§ Exercise instructions:
Print each entry again exactly as written, and keep the pictures out.

§ Task material:
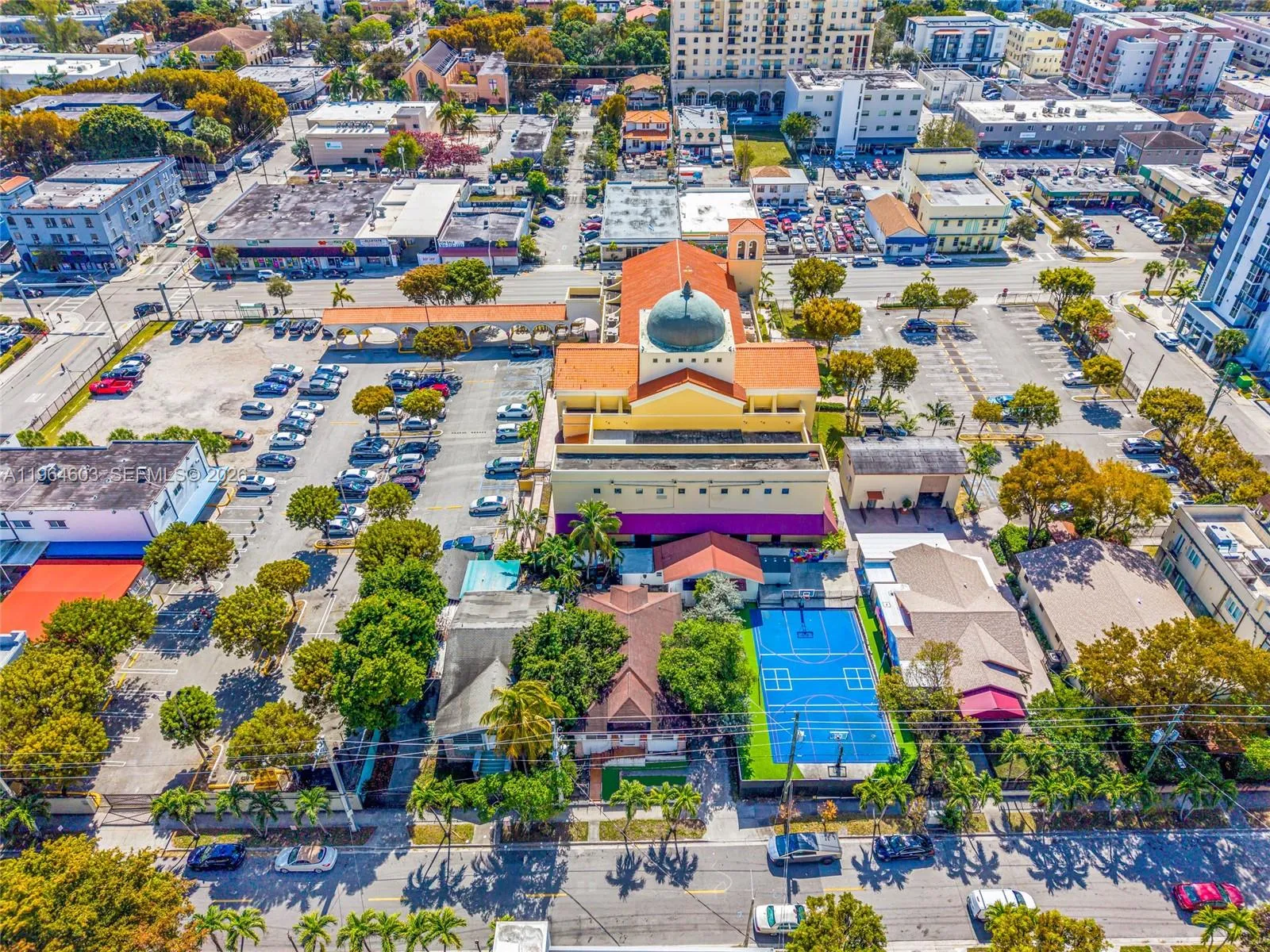 1342 Nw 1st St, Miami, Florida 33125, Miami, Florida 33125, ,Residential Income,For Sale,1342 Nw 1st St, Miami, Florida 33125,A11964603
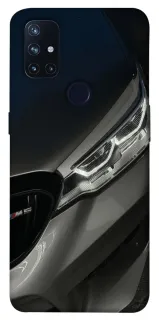 Чехол на OnePlus Nord N10 5G BMW v44 фото 1 из 1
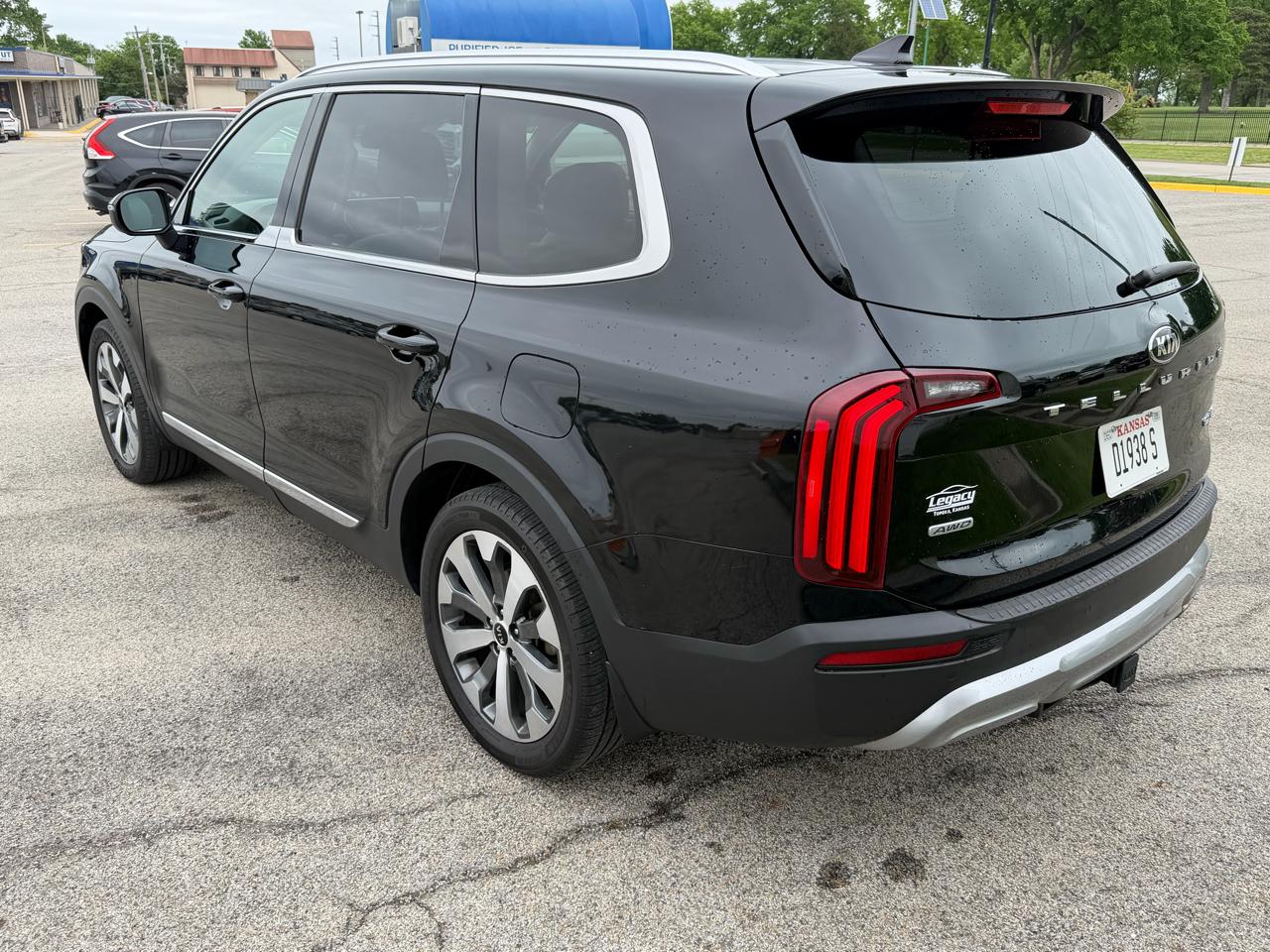 Kia Telluride EX AWD 2020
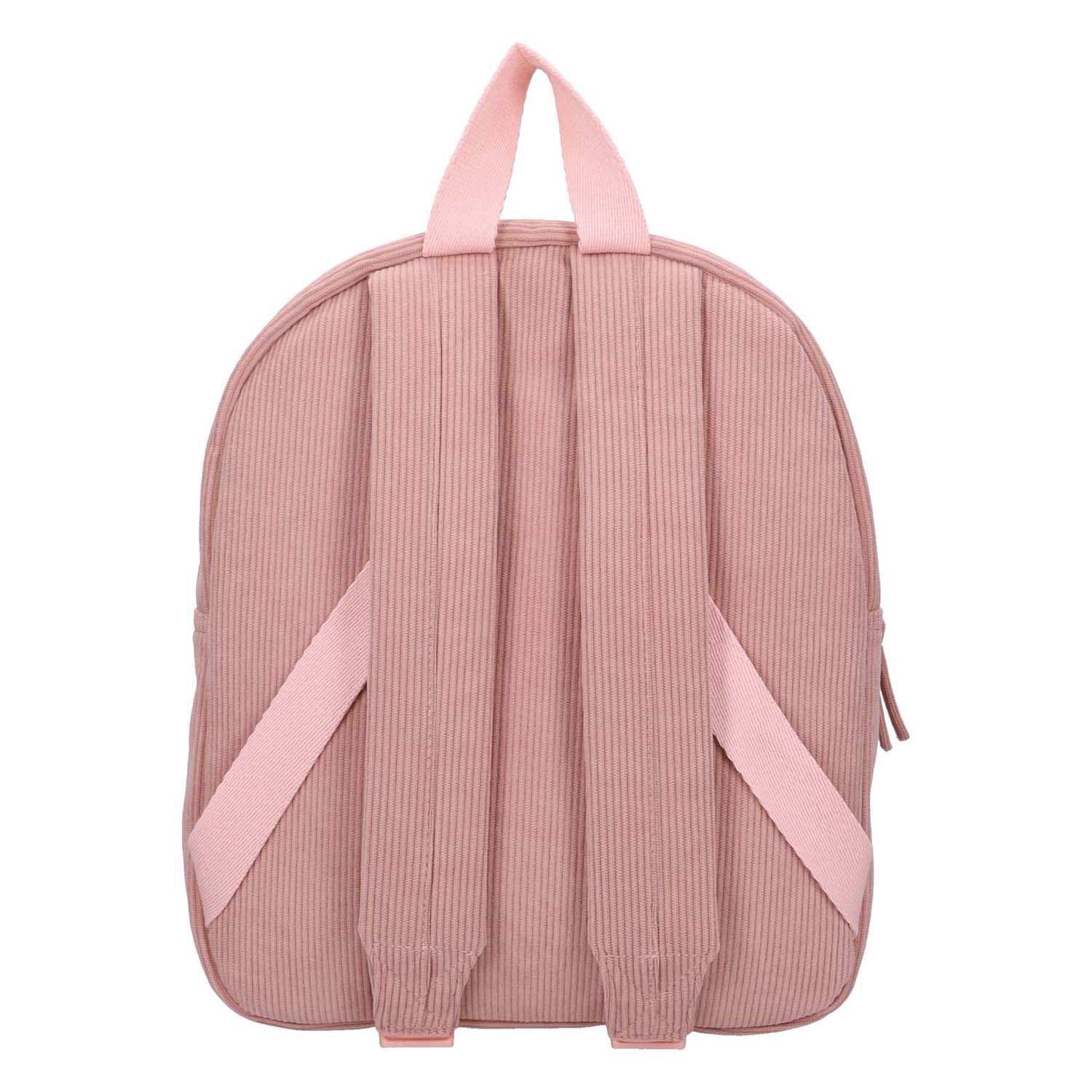 Vadobag pret rugzak ridge and row - roze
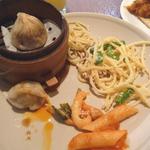 バイキング・（アップ）ショーロンポー、水餃子　他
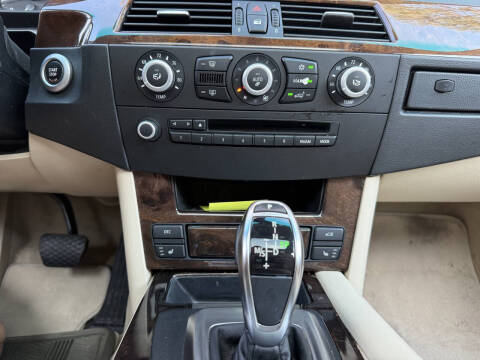 2008 BMW 5 Series 535i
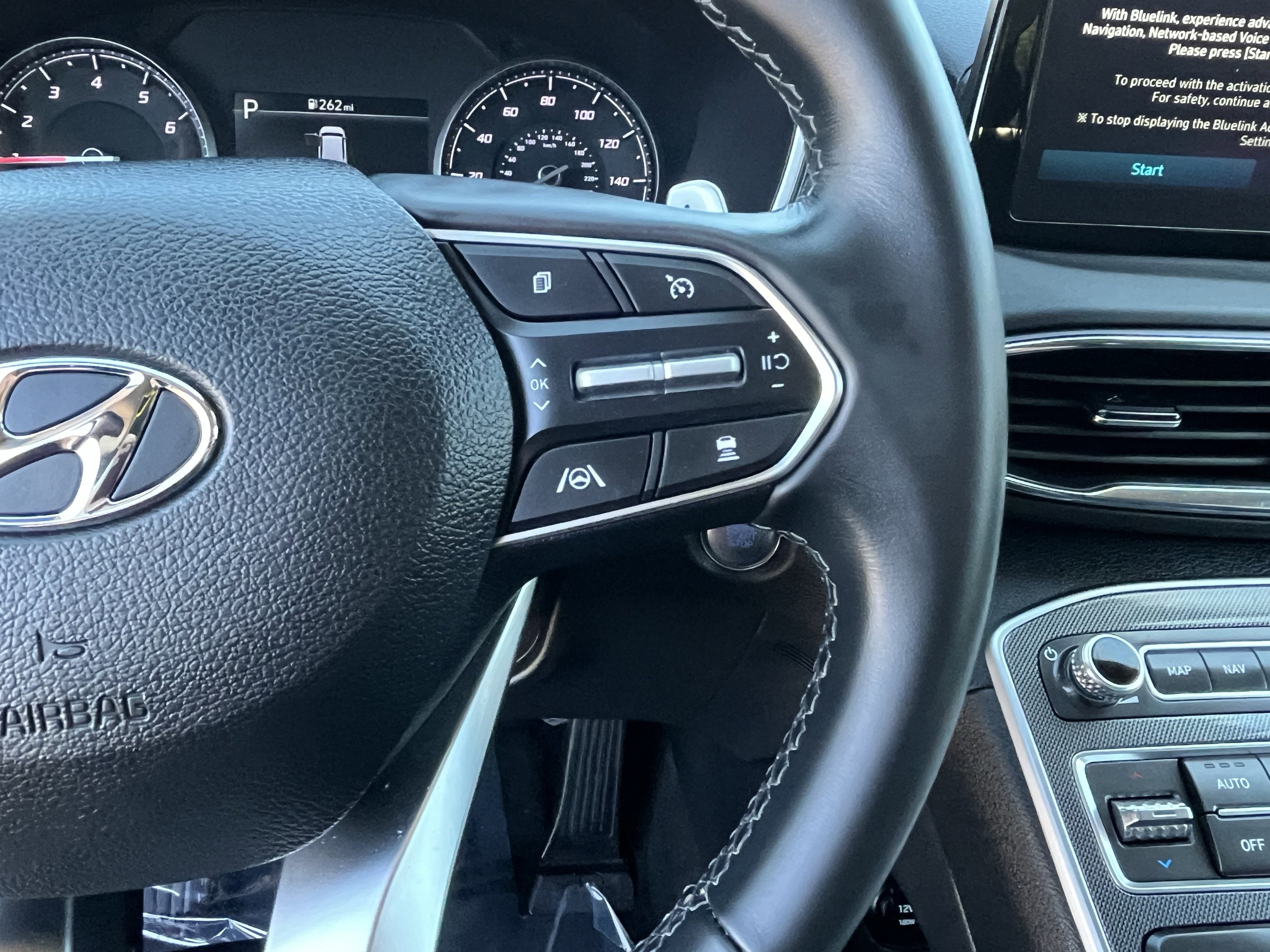 2023 Hyundai SANTA FE XRT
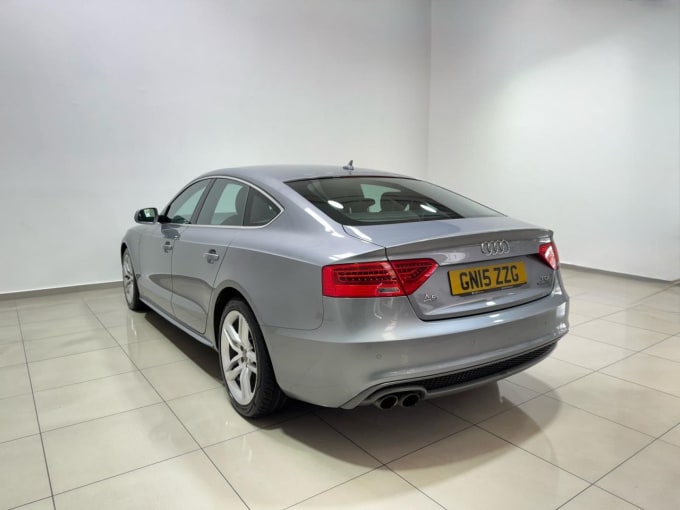 2025 Audi A5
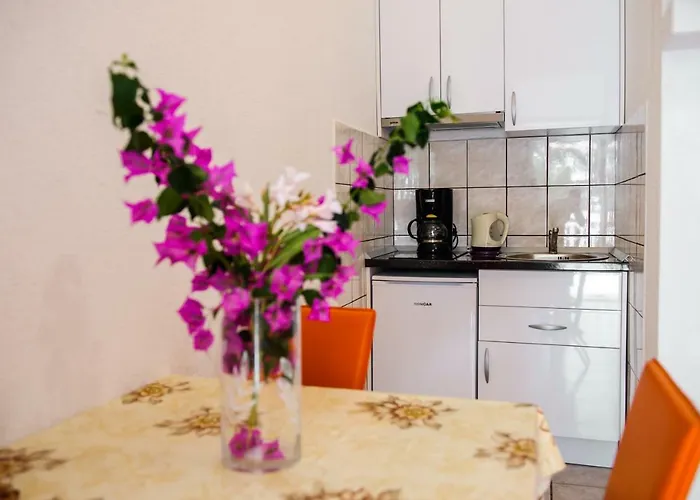 Herceg Apartamento Baška Voda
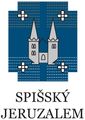 logo Spišského Jeruzalema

§ Written solution:
 1342 Nw 1st St, Miami, Florida 33125, Miami, Florida 33125, ,Residential Income,For Sale,1342 Nw 1st St, Miami, Florida 33125,A11964603
 Чехол на OnePlus Nord N10 5G BMW v44 фото 1 из 1
 Kia Telluride EX AWD 2020
 Vadobag pret rugzak ridge and row - roze
 バイキング・（アップ）ショーロンポー、水餃子　他
 2008 BMW 5 Series 535i
 2023 Hyundai SANTA FE XRT
 2025 Audi A5
 Herceg Apartamento Baška Voda
 logo Spišského Jeruzalema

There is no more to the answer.